The Federal Government has recently issued its Response to a report by the House of Representatives Standing Committee on Social Policy and Legal Affairs “Volume One: The Operation of the insurance industry during disaster events” (Report).
Specifically, Recommendation 4 of the Report called for the removal of the exemption enjoyed by general insurers from unfair contract terms laws. The Report followed an earlier report in 2009 by the Senate Economics Legislation Committee and the Natural Disaster Insurance Review Report issued in September 2011 each recommending the same.
The Government’s response is to note that it has released a consultation Regulation Impact Statement on Unfair Contract Terms in insurance and that it will consider introducing legislation once all submissions have been considered (please see our earlier article).
General insurers are currently exempt from the operation of the laws regulating unfair contract terms in consumer contracts under s 15 of the Insurance Contracts Act 1984 (Cth) (ICA). The unfair contract laws are contained in the Australian Securities and Investments Act 2001 (Cth) and they regulate the terms contained in standard form contracts for consumer financial products and services.
A contractual term is generally unfair if that term would cause a significant imbalance in the parties’ rights and obligations under the contract, it is not a term reasonably necessary in order to protect the legitimate interests of a party advantaged by the term, and it would cause detriment to a party if the term were to be applied or relied on. Exclusion clauses are potentially unfair unless made transparent to the consumer and the consumer is given reasonable notice of the effect of such exclusions.

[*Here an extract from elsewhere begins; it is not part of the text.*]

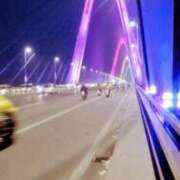 ヒメ日記 2026/04/01 21:34 投稿 たかこ 妻天 京橋店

General insurers have argued that, in the case of insurance contracts, consumers are sufficiently protected by the duty of utmost good faith owed by insurers under s 13 of the ICA. Insurers have also pointed out that consumers are protected by the ICA generally and otherwise have recourse to assistance from the Financial Ombudsman Service. Unfair contract terms laws could expose insurers to liabilities not factored into premiums and have unforeseen consequences for reinsurance cover. There is also an argument that in some circumstances voiding a term of a policy that has been deemed unfair could result in the undesirable consequence of reducing cover available.

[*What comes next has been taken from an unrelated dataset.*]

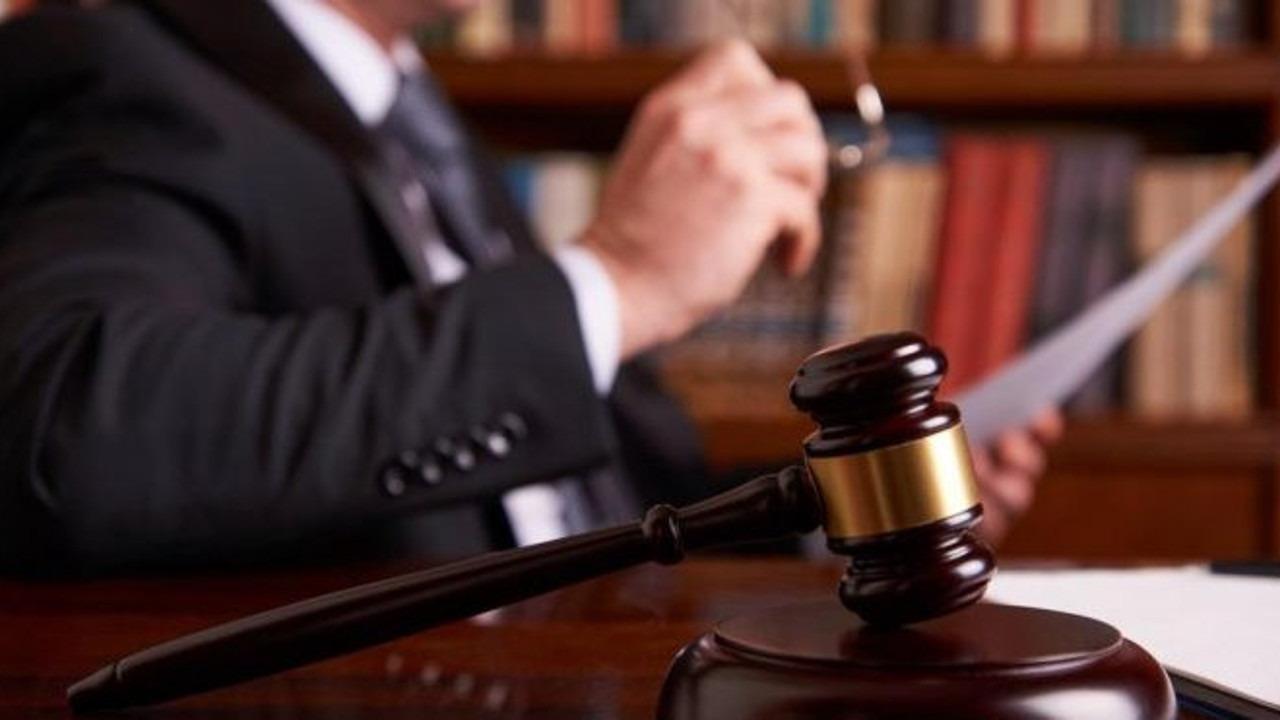 İstifa eden çalışan için emsal karar. Yargıtay son noktayı koydu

Advocates for consumers have countered the concerns of insurers and have so far been successful. They expect that unfair contract terms laws will provide protections distinct from and above those provided by the duty of utmost good faith and now both Senate and House of Representatives Committees have issued separate reports recommending that the exemption for general insurers be removed. Insurers apparently need not be concerned that they will be prevented from relying on exclusions which deviate from the standard cover when such exclusions are made clear to consumers.

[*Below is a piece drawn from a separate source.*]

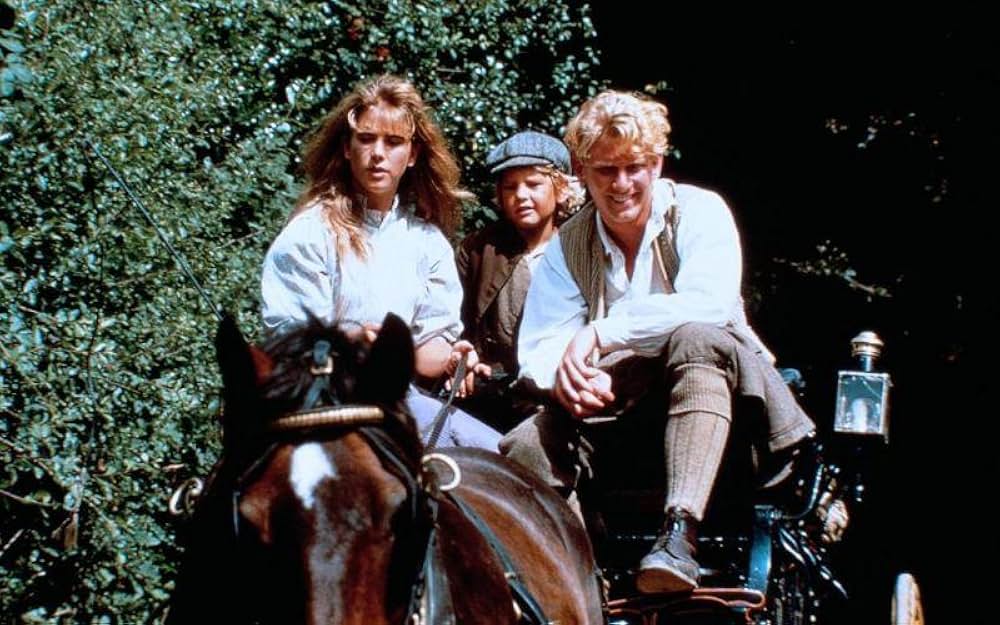 サマーストーリーの画像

In quoting from the Report, Mr David Coorey, of Legal Aid NSW has said:
The only standard form contract in this country today that does not have unfair terms legislation is insurance, and that is unacceptable. Out of all the contracts in the country, where a consumer lives or dies, really, on the fine print of a product, you would have thought that insurance contracts would be the one contract where you might have legislation that already applies across the board to every other standard form contract in Australia.
Given the findings of the Report, which includes findings that consumers have a very low level of awareness of insurance contracts or policies, it can be reasonably expected that the exemption for general insurers will be the subject of potential legislative reform – this conclusion is reinforced by the Government’s Response. The recent natural disasters in Australia and awareness that such disasters are likely to become more common will, no doubt, play on the minds of legislators and their advisors. Watch this space.
Addendum: In fact, only days before finalising this article, the Insurance Council of Australia has shown that it is already watching. Issue 7 of the Issues Paper from the current General Insurance Code of Practice 2012 Review has raised directly the general insurance exception from unfair contract terms laws and in doing so refers to the findings of the Report and the Natural Disaster Insurance Review Report.
In a review of the purpose behind the duty of utmost good faith in the ICA, the Review notes that the Australian Law Reform Commission (ALRC) had intended for the duty to operate as a “flexible doctrine, with fairness based content, running throughout and for the duration of the contract” but “the specialised insurance doctrine of utmost good faith has not developed to fulfil the hopes the ALRC had for it”. Consequently, it is no surprise the government is seeking to find a method by which to apply unfair contract terms laws to insurance contracts. The Issues Paper concludes that while insurance contracts are unique, this cannot be a sufficient basis for excluding unfair contract terms laws even though there is an argument that insurance contracts ought to be treated differently.